Paul Weller – True Meanings – Parlophone/Warner 2018

Von Matthias Bosenick (05.11.2018)

Ungewöhnlich ruhig lässt es der Modfather Paul Weller auf seinem jüngsten Album angehen. Die Zeit der Experimente, denen seine Gefolgschaft nicht folgen konnte, beendet er mit einem beinahe akustischen Werk, dem deshalb seine Gefolgschaft nicht folgen kann. Großartiger Typ, der immer weiß, wie er mit dem, was er gern mag und macht, die Engstirnigen vor selbige stößt. „True Meanings“ ist ein schönes Album geworden, das zwar Ecken und Kanten vermeidet, aber Widerhaken dennoch zulässt: Die Musik bleibt hängen, auch ohne vordergründigen Rock’n’Roll. Die Remixe der Deluxe-Version sind behutsam und gelungen.

So sparsam war Weller seit seinem zweiten Soloalbum „Wild Wood“ 1993 (sowie der Akustik-Live-CD „Days Of Speed“ von 2001) nicht mehr, als er sich noch dem grassierenden Trip Hop anschmiegte. Den Krawall bürstete er sich nun aus dem Fell, das jetzt recht kuschelig wiederum den Hörer zum Anschmiegen einlädt. Seine Mittel setzt Weller reduziert ein und borgt sie bei sich selbst und teilweise bei anderen Leisemusizierenden aus: Akustikgitarre, Streicher, Hammondorgel, Bläser, Miniorchester, sanfter Shuffle, nachdenkliches Schlagzeug, reflektierter Gesang.

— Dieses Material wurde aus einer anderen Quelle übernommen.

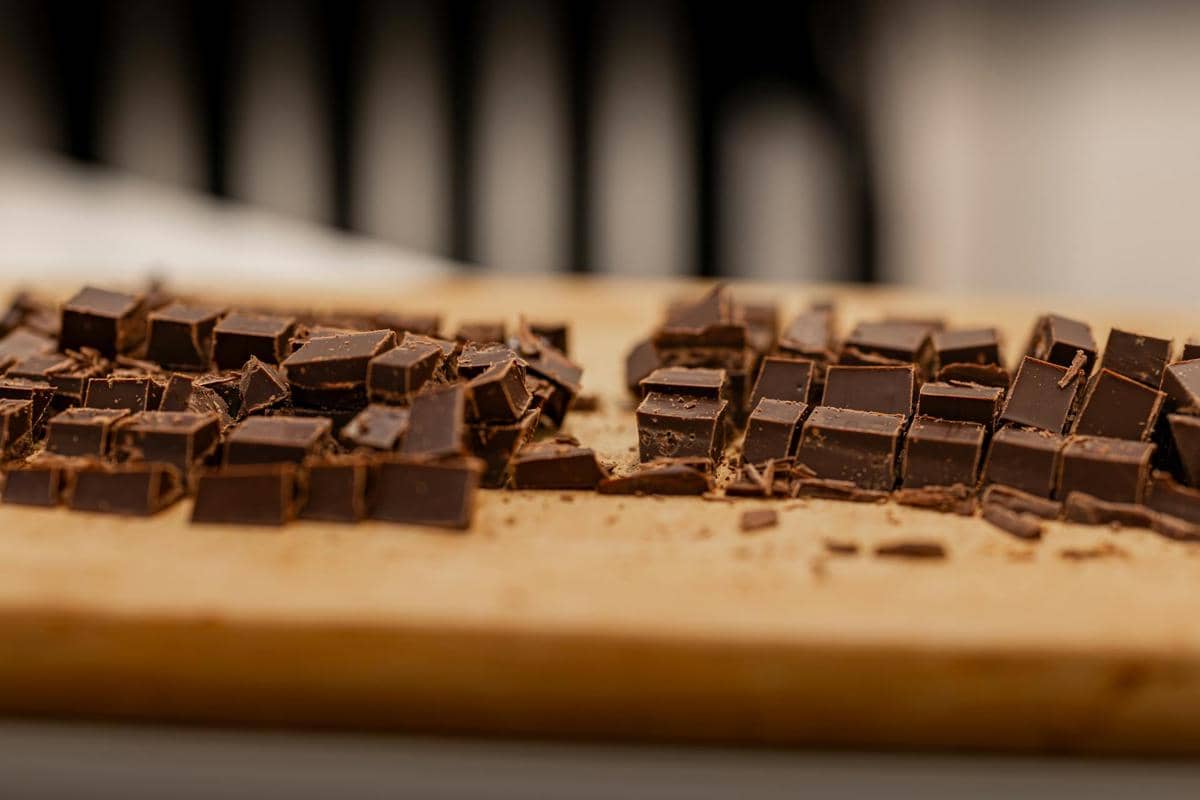 ilustrasi cokelat cincang untuk adonan kue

Nicht alle Instrumente in jedem Song, sondern jeweils der Stimmung angemessen eingesetzt. Und die hält Weller dezent, reduziert, besonnen, schwelgerisch, je nach Song.

Auf prominente Gäste verzichtet Weller, bis auf seinen Ziehsohn Noel Gallagher, der niemals die Klasse seines Vorbildes erreichen wird und lediglich bei wenigen Stücken im Hintergrund diverse Tasteninstrumente bedienen darf. Reicht auch. Als gelegentlichen zusätzlichen Gitarristen borgt sich Weller Steve Cradock von Ocean Colour Scene aus. Ansonsten bleibt Weller bei unprominenten Helfern und ganz bei sich selbst.

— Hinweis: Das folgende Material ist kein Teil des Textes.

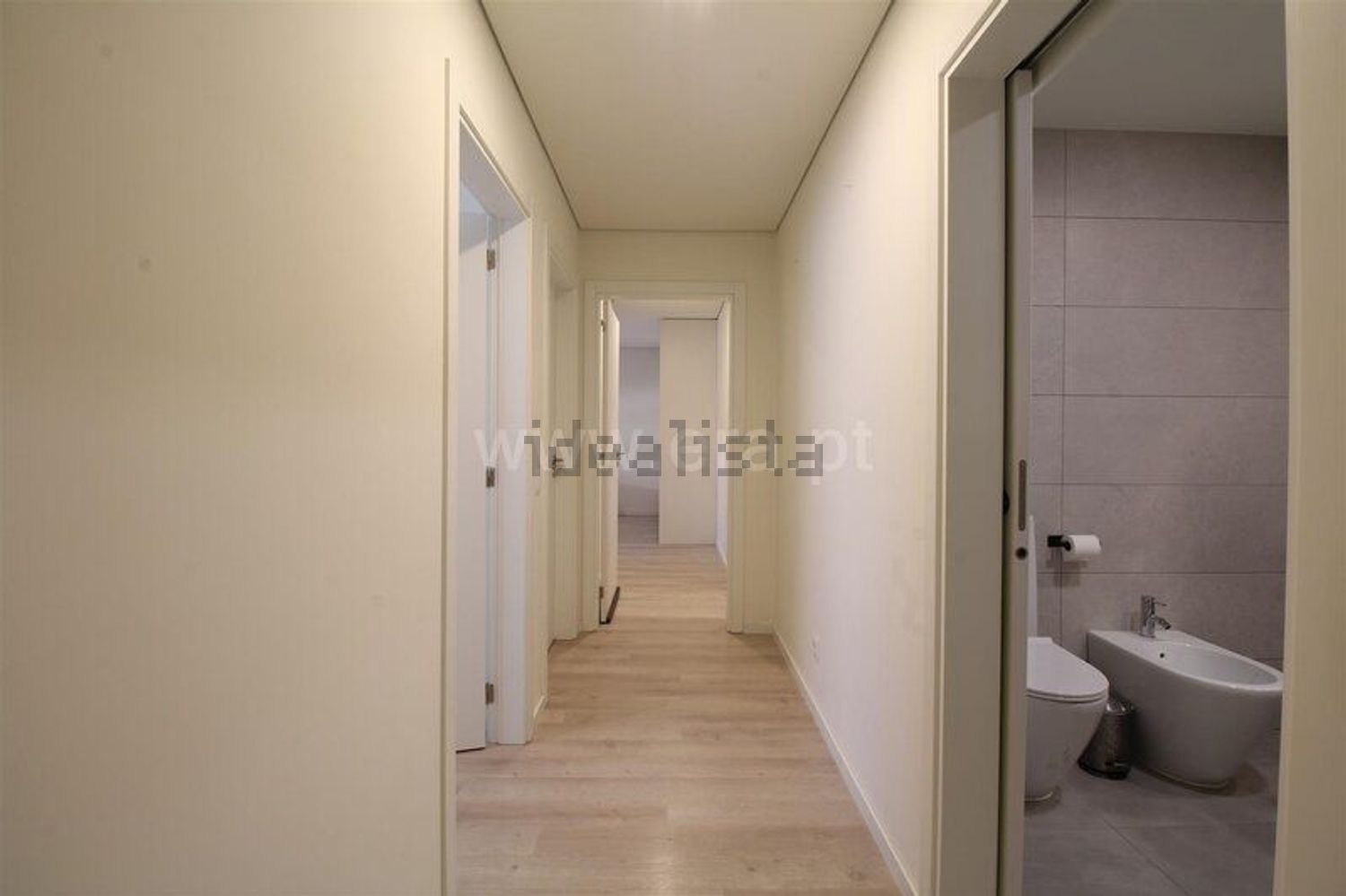 公寓 t3出售在 Coimbrões - 过道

Den griffigen Rock, das Nachvornpreschen und das kantige Experimentieren unterlässt Weller auf „True Meanings“. An The Jam erinnert die Musik also nicht, und auch die Streicher deuten nicht in Richtung The Style Council; eher noch Wellers souliger Gesang. Wiedererkennbar ist der heilige Ernst, mit dem Weller seine neuen Songs vorträgt: Durch seine Karriere zieht sich der Umstand, dass er sich und seine Musik hörbar seriös nimmt. Nicht auf eine überhebliche Art, sondern mit Nachdruck und Fokussierung. Das hört man heraus und das auch sehr gern. Orientierungslose Kaspermucke dürfen andere machen, vorrangig Britpopper, die sich auf ihn berufen und ihn doch nicht verstehen.

Die obligatorische Deluxe-Version ergänzt das Album um drei Remixe und zwei Instrumentalversionen. Anders als Weller selbst noch auf „Sonik Kicks“ gehen die Remixer hier behutsam vor, lassen das Geremixtsein sehr dezent durchschimmern, verleihen den Songs eine hübsche neue Ebene, die sich einfügt in den Rest des Albums. Prominenz findet man auch hier nur bedingt: Richard Hawley ist höchstens einigen Britpopfans ein Begriff, Raven Bush ist ein Newcomer, der maximal aufgrund seiner Tante Kate einige Aufmerksamkeit auf sich zieht, und The Reflex ist auch eher für seine Neubearbeitungen als für seine eigene Musik bekannt.